* _PROBLEM REQUIREMENTS_: Images in the entries are to be skipped, and everything else is to be written out exactly.

* _SUPPLIED MATERIAL_:
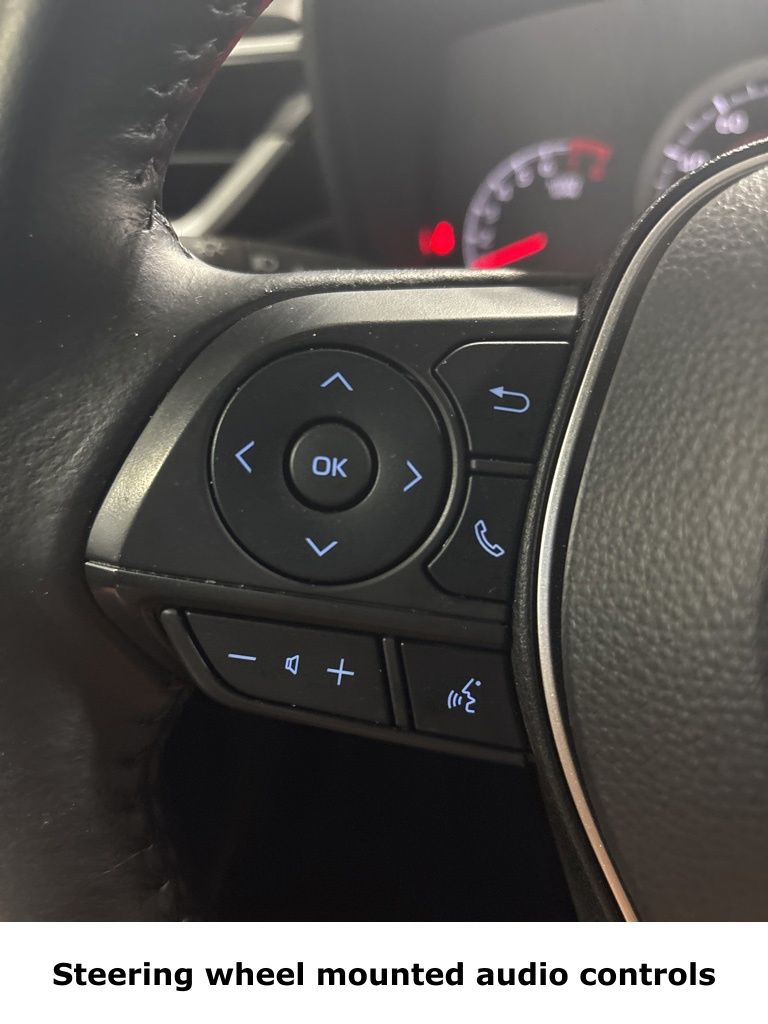 Vehicle image 20 of 41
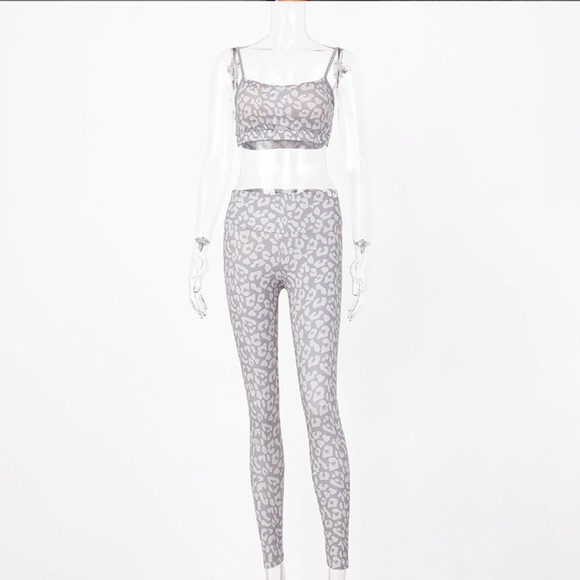 🤍 Emma Gray Leopard Print Workout Set 🤍 - Picture 10 of 15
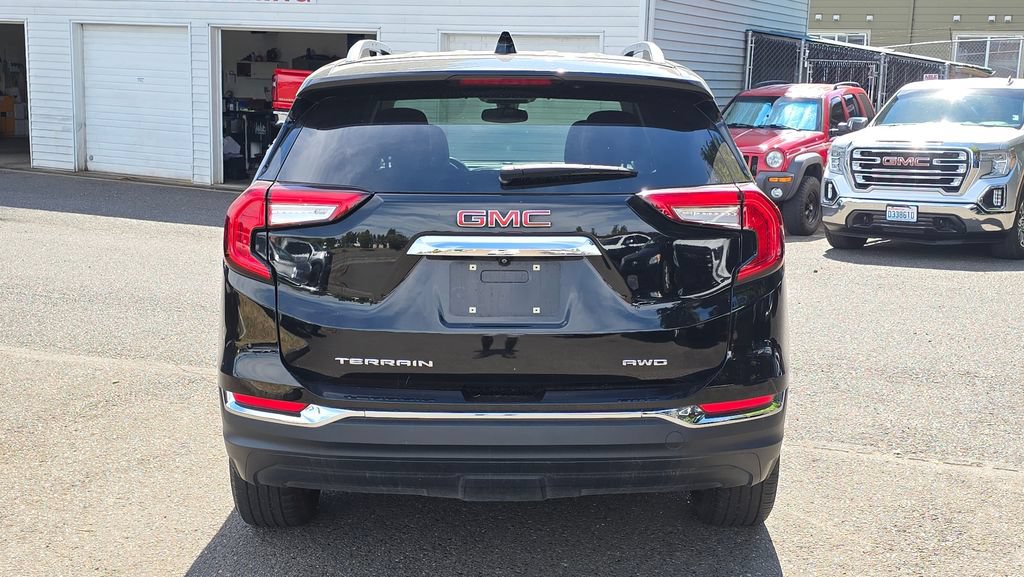 Used 2024 GMC Terrain SLT AWD/4WD image 4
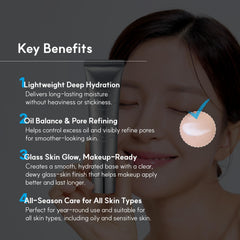 Lightweight cream absorbing quickly without a greasy residue on the skin.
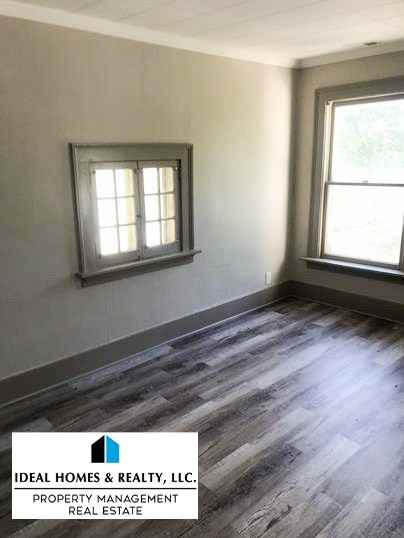 12205 N Saginaw St #2 - Photo 4 of 9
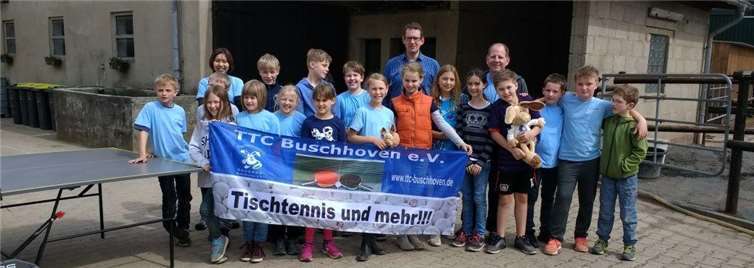 Die Kinder vom TTC haben sich ganz besonders über den Überraschungsausflug gefreut. Privat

* _RESPONSE AREA_:
 Vehicle image 20 of 41
 🤍 Emma Gray Leopard Print Workout Set 🤍 - Picture 10 of 15
 Used 2024 GMC Terrain SLT AWD/4WD image 4
 Lightweight cream absorbing quickly without a greasy residue on the skin.
 12205 N Saginaw St #2 - Photo 4 of 9
 Die Kinder vom TTC haben sich ganz besonders über den Überraschungsausflug gefreut. Privat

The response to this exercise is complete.